More and more of us are leading teams that are remote or virtual. To get some answers to the questions that I have been asking, and some of our clients have mentioned, I went to Wayne Turmel, my friend and an expert on this topic and the tools that you can use to become more successful in this area. Here is the result of our email interview.

Kevin: Why is being the leader of a remote team different than leading a co-located team? 
Wayne: It’s hard enough to be a good leader when everyone is in the same place, but we had ways to make it work. Remember “Management by walking around?” Well, it’s a long walk to Bangalore, brother. You have people on different time zones, different schedules and often, your teams are not only “remote” (meaning they are all over the place) but “virtual”, meaning that you have responsibility for the project but don’t have a direct reporting structure with the people on the team. You have to get them on task, focused on the purpose and build trust, only you don’t get to throw a pizza party or call everyone together around your desk. It’s the same tough job, but you’re now at the mercy of technology to do your job.

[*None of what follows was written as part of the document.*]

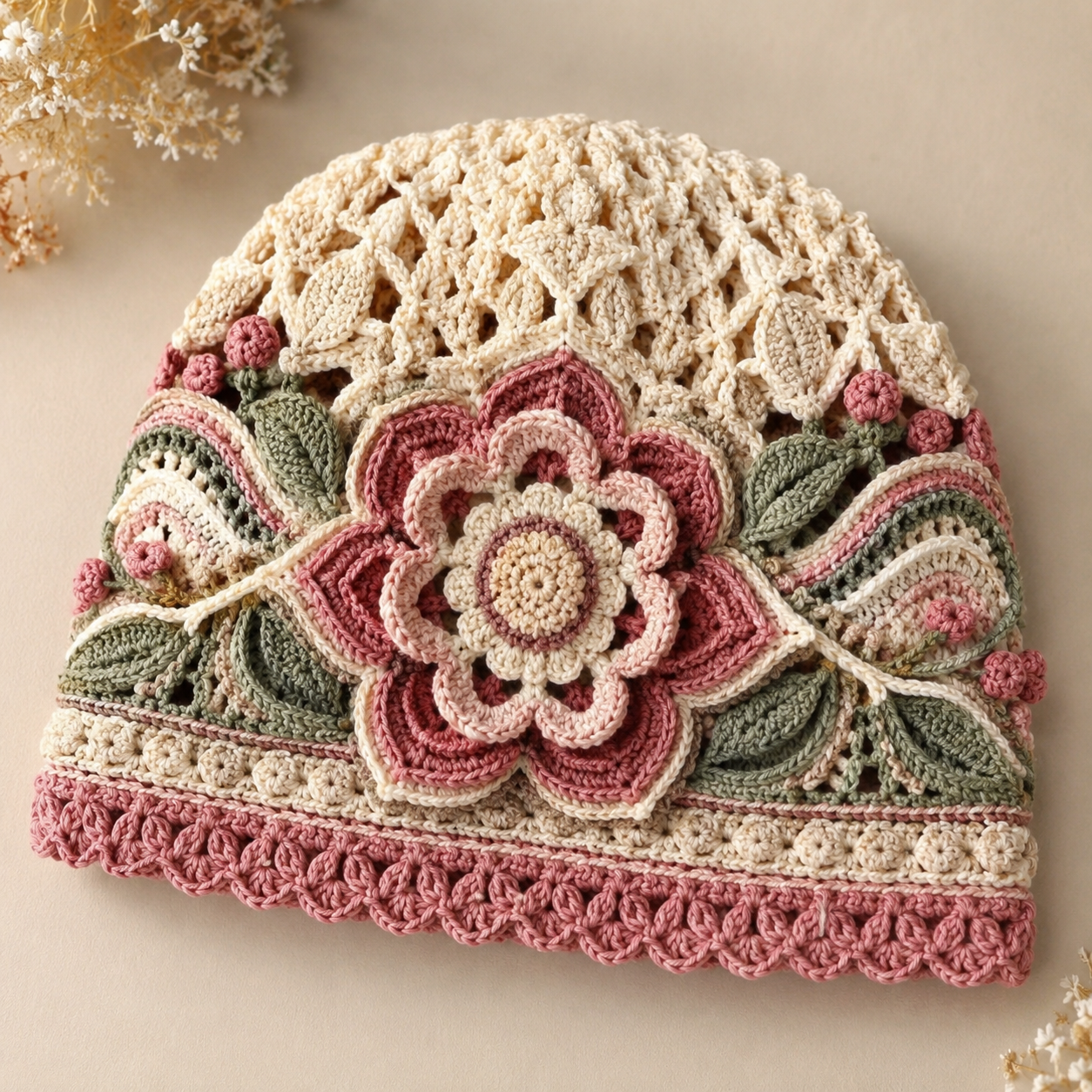 Crochet Floral Beanie Pattern PDF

Kevin: What are some of the challenges leaders face on a daily basis when managing remotely?
Wayne: Think about doing the project manager part of your role. You have to give people the big picture so they can do their jobs. That requires constant communication, not only the “official” company news but the light gossip and human news that builds and maintains connections. Then you have to help them work together, not only on the relatively simple “task” stuff but also how to build trust and keep communication flowing when people might not ever physically meet? Are you setting the expectations for communication and working together, and then modeling and reinforcing those behaviors? If you aren’t, you’ll wind up spending all your time putting out fires and running interference between team members. The single biggest challenge is creating a climate where this communication can happen without you, otherwise you become a bottleneck instead of a conduit.
Kevin: What are some of the mistakes organizations make when putting virtual teams together
Wayne: The single biggest mistake (and it causes and helps complicate all the others) is not acknowledging the differences between managing co-located teams and teams that are scattered all over the globe. Companies just cut travel and say “use webmeetings,” like it’s the same thing … and it isn’t. In general, companies don’t give managers the support and training they need. In terms of support, what tools do they have? Tools like intranets, wikis and webmeeting technology? Often they provide things like a WebEx license, but no real instruction on how a manager uses it effectively. Managers are left to figure it out for themselves. You’ll have some managers – the early adopters who jump on it – but the majority will take a look, shrug and go back to managing by email.
There is another problem, which is companies sometimes get stuck looking for big, institutional, enterprise-wide solutions. They can take forever for IT and Finance to agree on a system like SharePoint, meanwhile the day-to-day work of the team suffers, and the manager is frustrated. Then, even if they do provide the tools, most managers are never given the training on what tools to use when.
Kevin: When do you send out an email and when do you need to get the team together on a webmeeting?
Wayne: How does a manager build a real team when human connections are limited to technology? Some of the answers are so simple, but because managers are so swamped taking care of the day to day tasks that it’s easy to lose sight of that “important but not urgent” stuff that can be seen as “soft” or “touchy feely.” What are some of the things managers and team leaders can do TODAY without waiting for the larger organization? There are some really easy things. One is to just make sure that people on the team know each other. Who are they and where do they work? Human details like are they in an office or do they work from home? Do they have families? What are their interests? Those translate into work-related information like when they’ll be available, how they like to work (do they answer email all day long or in set blocks of time) and what parts of the project they are responsible for.
Then there are simple tools like Google Groups for collaboration and sharing documents with everyone at once, Skype for quick, free video calls to each other, NING to create social groups with automatic updates for building a cohesive team and sharing information.